Nel proprio atto di appello l’Ufficio espone due motivi specifici di impugnazione della decisione dei Primi Giudici, quali l’insufficiente motivazione e la violazione dell’art. 20 del D.P.R. n. 131/86 e contrappone a passi della predetta sentenza la propria posizione critica; ciò, indipendentemente dalla fondatezza o meno del gravame, rende l’appello del tutto ammissibile e conforme al disposto dell’art. 53 del D.Lgs. n. 546/92-
Quanto sopra anche atteso il carattere devolutivo pieno, nel processo tributario, dell’appello, mezzo quest’ultimo non limitato al controllo di vizi specifici, ma rivolto ad ottenere il riesame della causa nel merito.
Verificata positivamente l’ammissibilità dell’impugnazione proposta dall’Ufficio, ritiene il Collegio che la stessa sia anche fondata, alla stregua del costante indirizzo della Corte di Cassazione secondo cui, in tema di interpretazione degli atti ai fini dell’applicazione dell’imposta di registro, il criterio fissato dall’art. 20 del d.P.R. n. 131 del 1986 impone di privilegiare l’intrinseca natura e gli effetti giuridici, rispetto al titolo e alla forma apparente degli stessi, con la conseguenza che i concetti privatistici relativi all’autonomia negoziale regrediscono, di fronte alle esigenze antielusive. poste dalla norma, a semplici elementi della fattispecie tributaria, per ricostruire la quale dovrà, dunque, darsi preminenza alla causa reale e complessiva dell’operazione economica, rispetto alle forme dei singoli negozi giuridici (cfr. sentt. 23584/12, 6835/13, 17965/13, 3481/14).
Ancora nella recente ordinanza n. 24594 del 2/12/2015 la Suprema Corte ha avuto modo di osservare che “la cessione totalitaria delle quote di una società ha la medesima funzione economica della cessione dell’azienda sociale.
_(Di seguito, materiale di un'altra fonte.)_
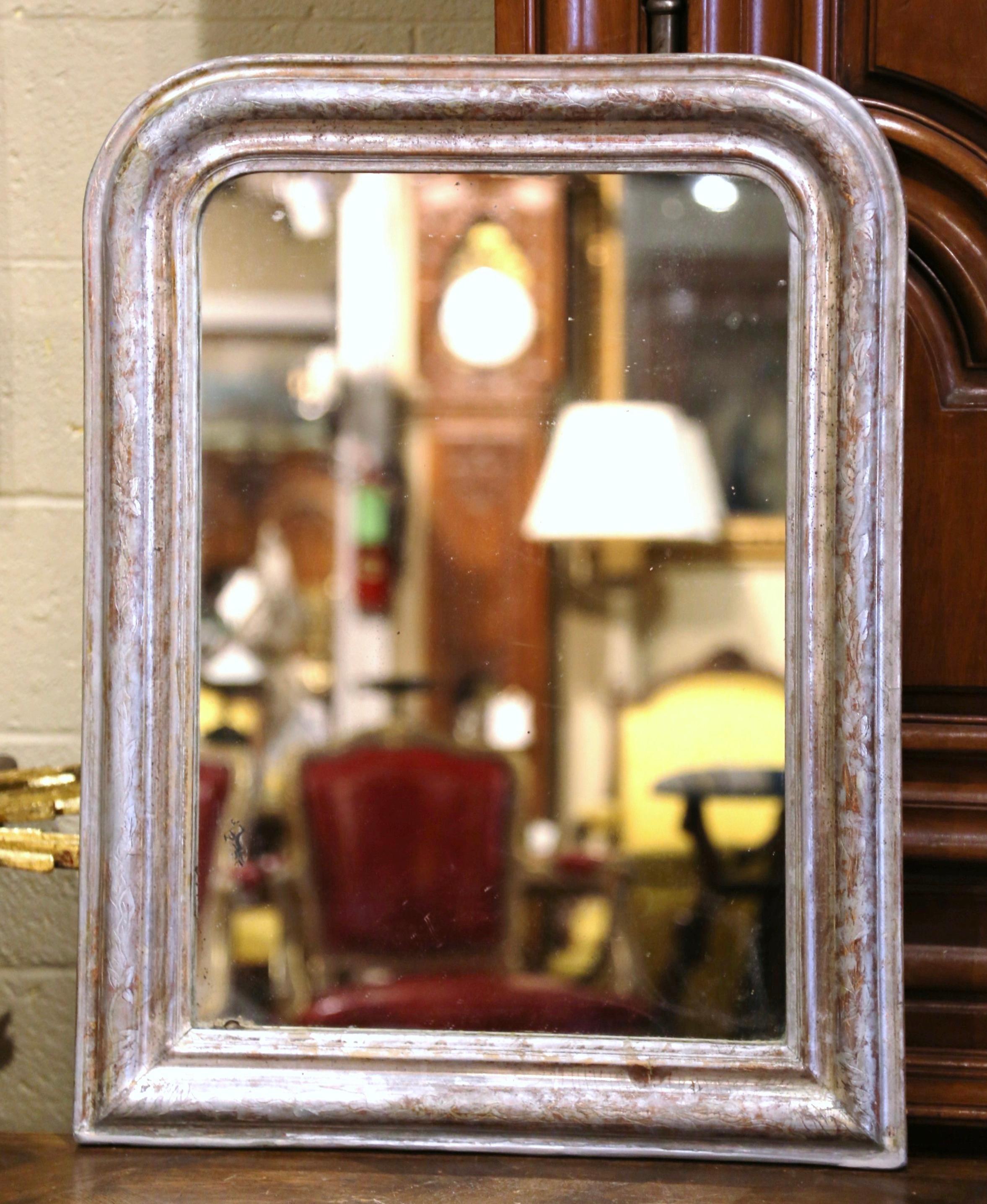 Mercury Glass 19th Century French Louis Philippe Silver Leaf Wall Mirror with Floral Motifs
Entrambi tali contratti tendono infatti a realizzare l’effetto giuridico del (e trovano la loro causa concreta nel) trasferimento dei poteri di godimento e disposizione dell’azienda sociale da un gruppo di soggetti (i partecipanti alla società che cedono le loro quote) ad un altro soggetto, o gruppo di soggetti (l’acquirente, o gli acquirenti, della totalità delle quote sociali).
Il contratto di cessione totalitaria delle quote di una società è dunque assimilabile, ai fini dell’imposta di registro, al contratto di cessione dell’azienda sociale, senza che al riguardo sia necessario ….che l’Agenzia delle entrate fornisca in giudizio la “prova certa dell’intento elusivo”.
Alla soccombenza consegue la condanna al pagamento delle spese del giudizio, che vengono liquidate come da dispositivo.
P.Q.M.
Accoglie l’appello.
Condanna la contribuente al pagamento delle spese del giudizio che liquida in complessivi euro 1.500,00 oltre al rimborso del contributo unificato.